Exercise prompt: Instruction for the entries below: return the part that opens with the line containing "21:55:35 GMT-0500 (EST)" and closes with the line containing "Asad Geometric Indoor Rug", exactly, and no pictures.

───── Source material

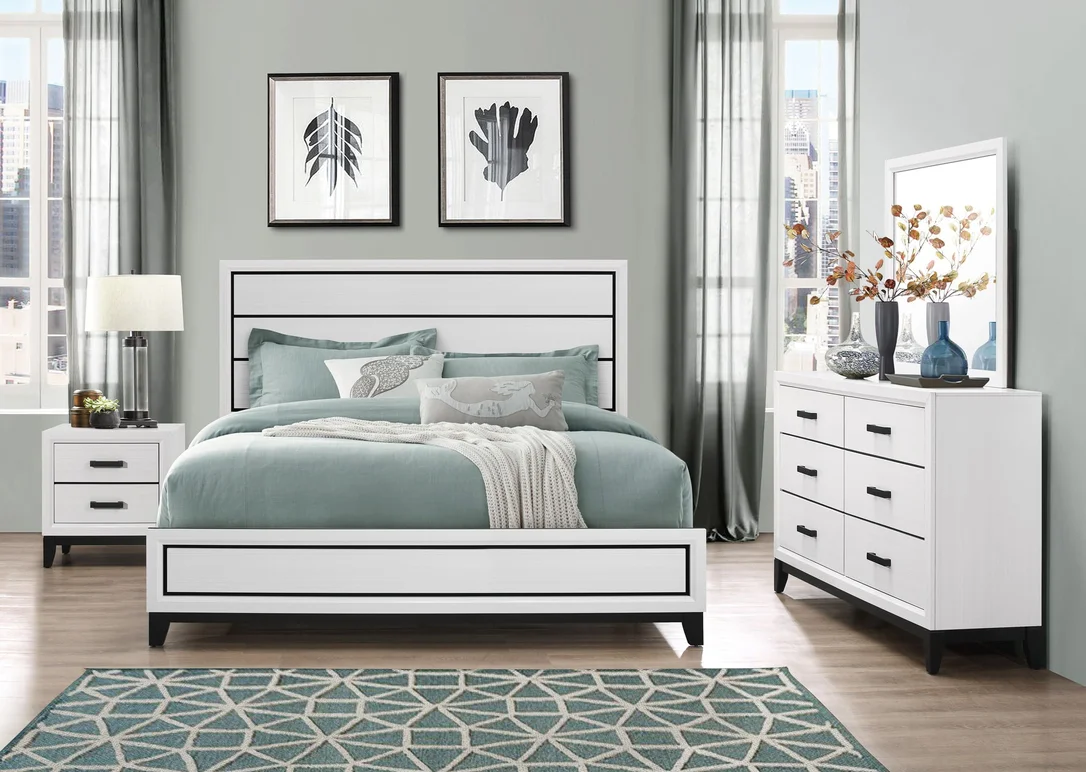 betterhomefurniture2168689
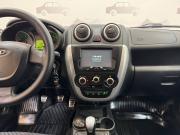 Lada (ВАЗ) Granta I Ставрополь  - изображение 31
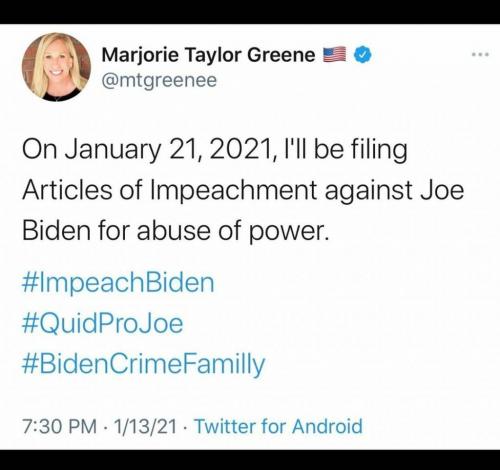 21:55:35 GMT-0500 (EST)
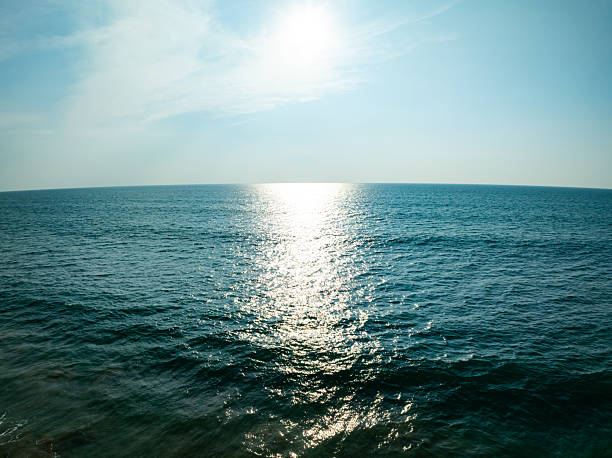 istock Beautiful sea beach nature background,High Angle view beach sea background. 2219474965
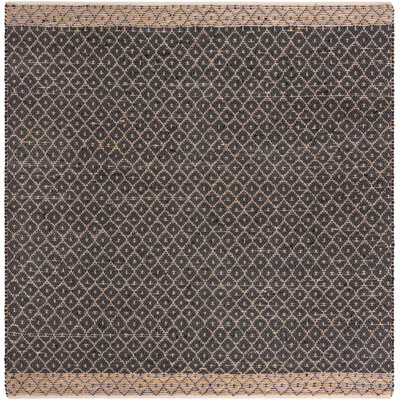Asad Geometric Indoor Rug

──────────
───── Source material

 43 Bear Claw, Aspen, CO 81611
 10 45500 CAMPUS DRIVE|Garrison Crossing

──────────

Reply to the task:
 21:55:35 GMT-0500 (EST)
 istock Beautiful sea beach nature background,High Angle view beach sea background. 2219474965
Asad Geometric Indoor Rug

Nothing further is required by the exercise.